- _Directions for this task_
In the entries below, repeat only the lines between those holding "VERTEBRADOS DEL ECUADOR" and "Novillo Mercosur: dólar", inclusive. Leave pictures out.
++++ Data for this exercise ++++
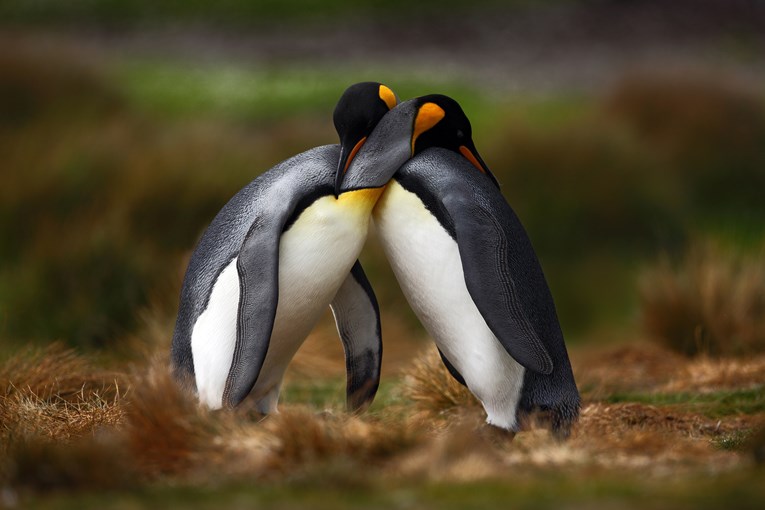 Homoseksualni pingvinski par sprema se za očinstvo
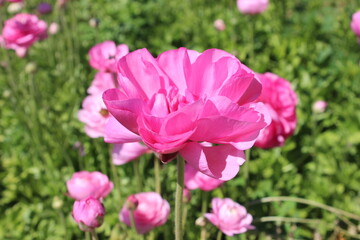 Obraz premium Pink flower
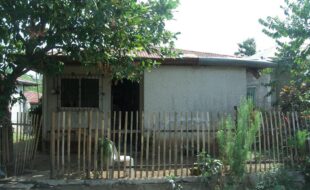 2530428 pic001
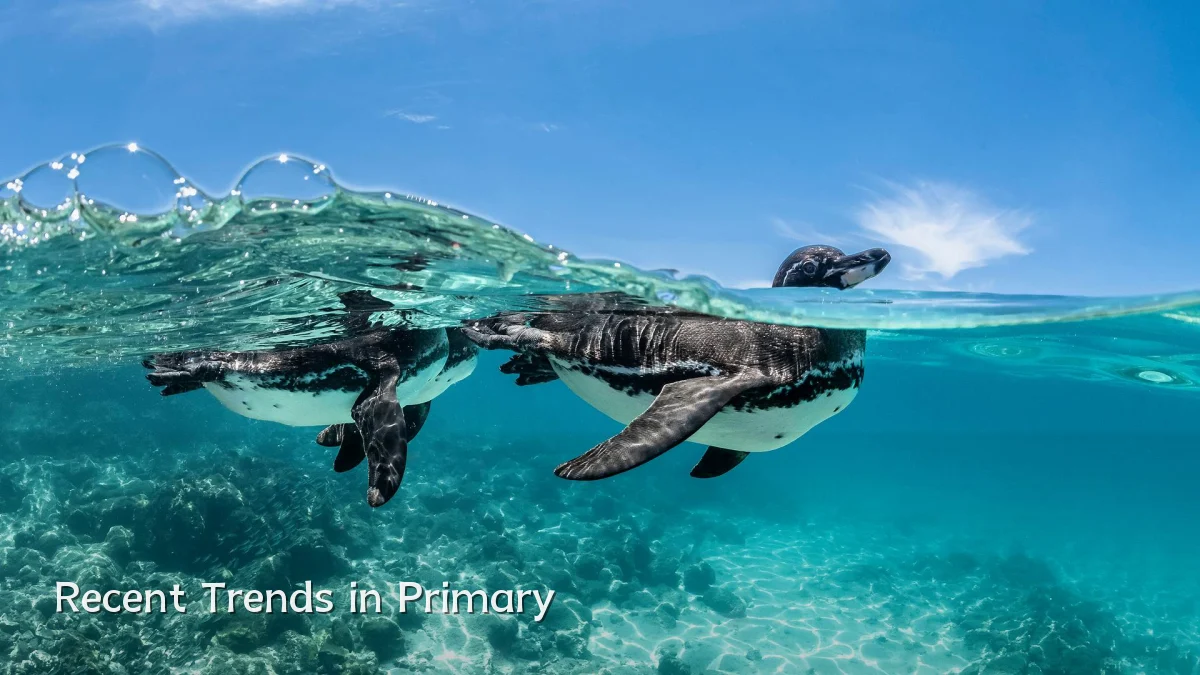 Recent Trends in Primary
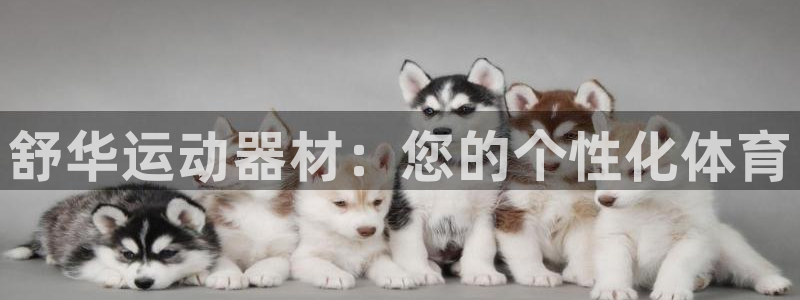 凯捷体育平台APP：舒华运动器材：您的个性化体育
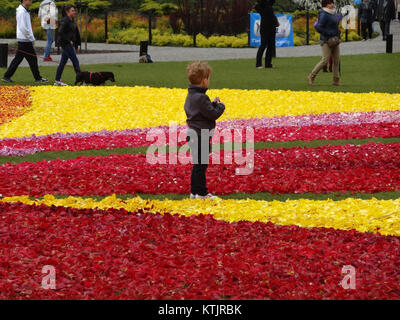 Un tapis à motifs floraux de 2014, avec des motifs complexes et des couleurs vibrantes, offrant une esthétique intemporelle adaptée à divers décors intérieurs. La pièce met en valeur un savoir-faire détaillé et l'utilisation de matériaux de haute qualité, offrant à la fois durabilité et beauté. Banque D'Images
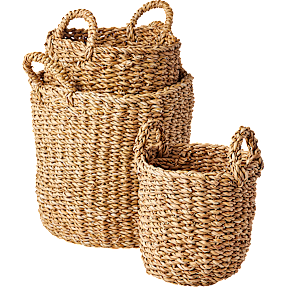 Fletkurve i søgræs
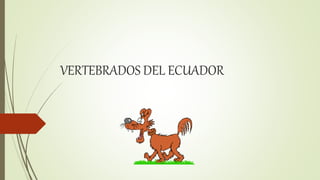 VERTEBRADOS DEL ECUADOR
 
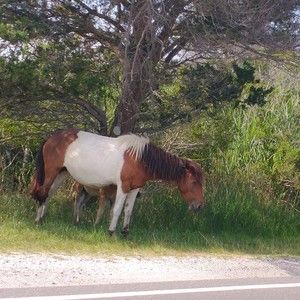 Meet your Posher, Barbara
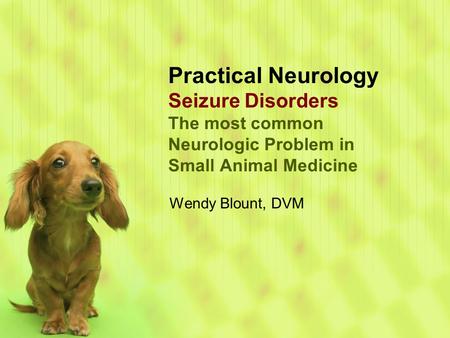 Practical Neurology Seizure Disorders The most common Neurologic Problem in Small Animal Medicine Wendy Blount, DVM.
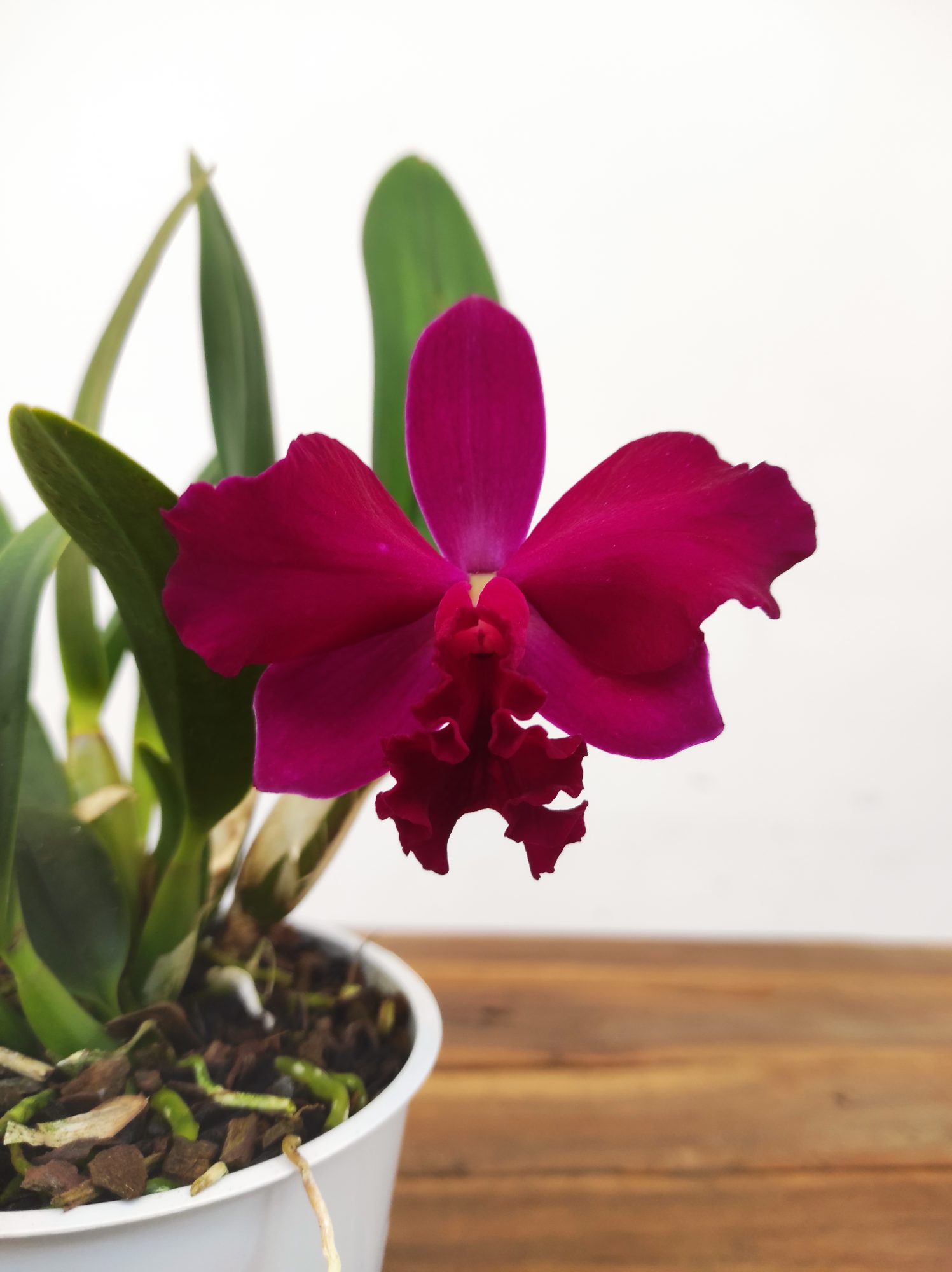 Cattleya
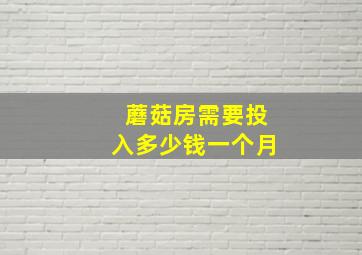 蘑菇房需要投入多少钱一个月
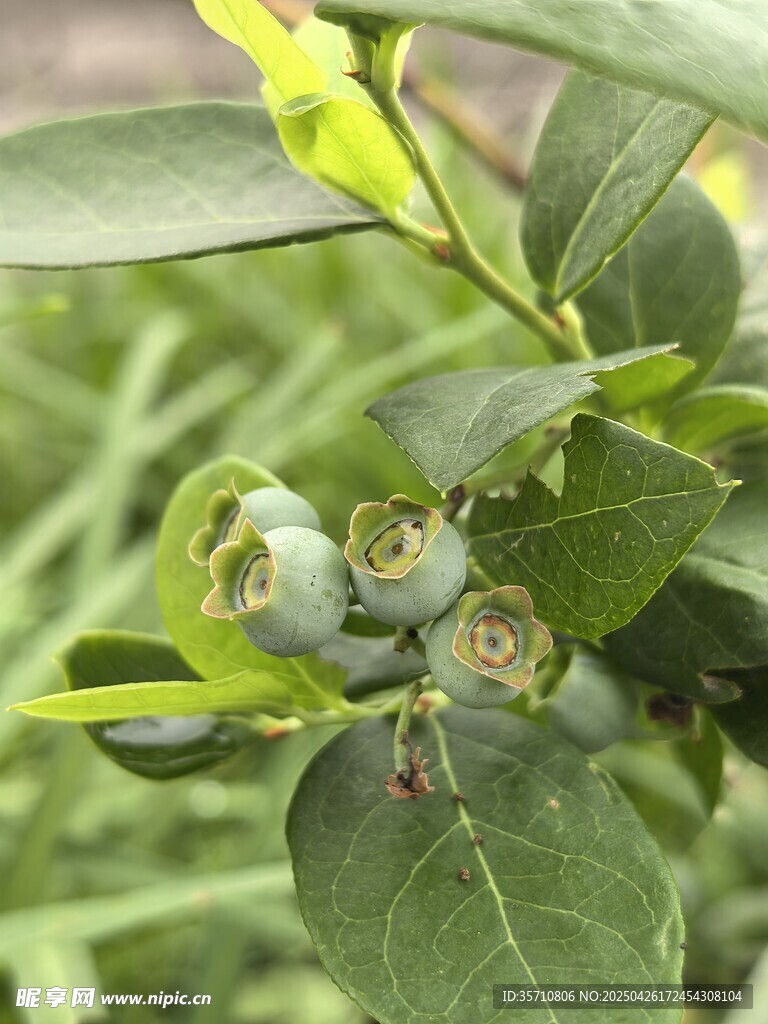 枝头蓝莓果实初长成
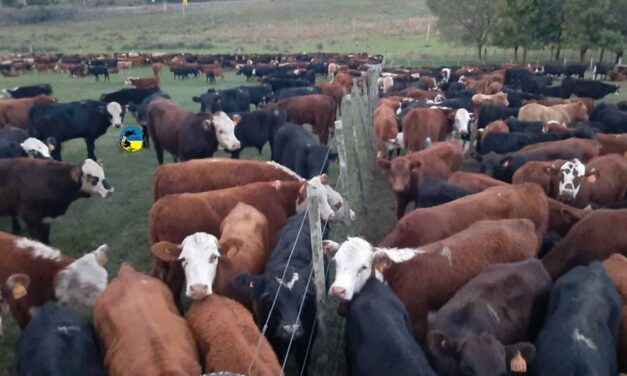 Novillo Mercosur: dólar agro generó ruido en el mercado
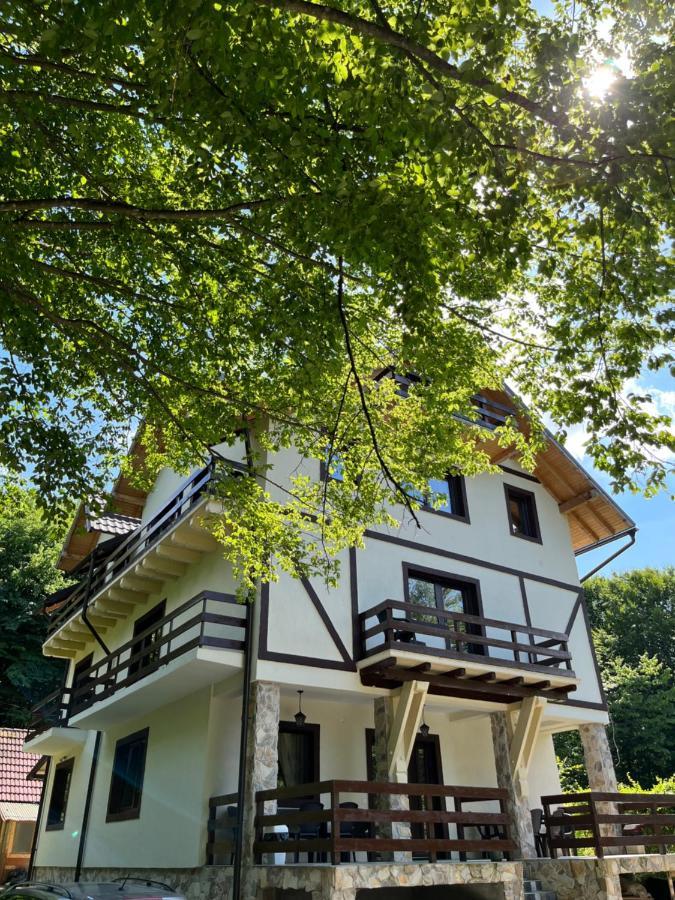 Cabana Din Padure Hotell Porumbacu de Sus Exteriör bild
++++
- _Solution to this problem_
 VERTEBRADOS DEL ECUADOR
 
 Meet your Posher, Barbara
 Practical Neurology Seizure Disorders The most common Neurologic Problem in Small Animal Medicine Wendy Blount, DVM.
 Cattleya
 蘑菇房需要投入多少钱一个月
 枝头蓝莓果实初长成
 Novillo Mercosur: dólar agro generó ruido en el mercado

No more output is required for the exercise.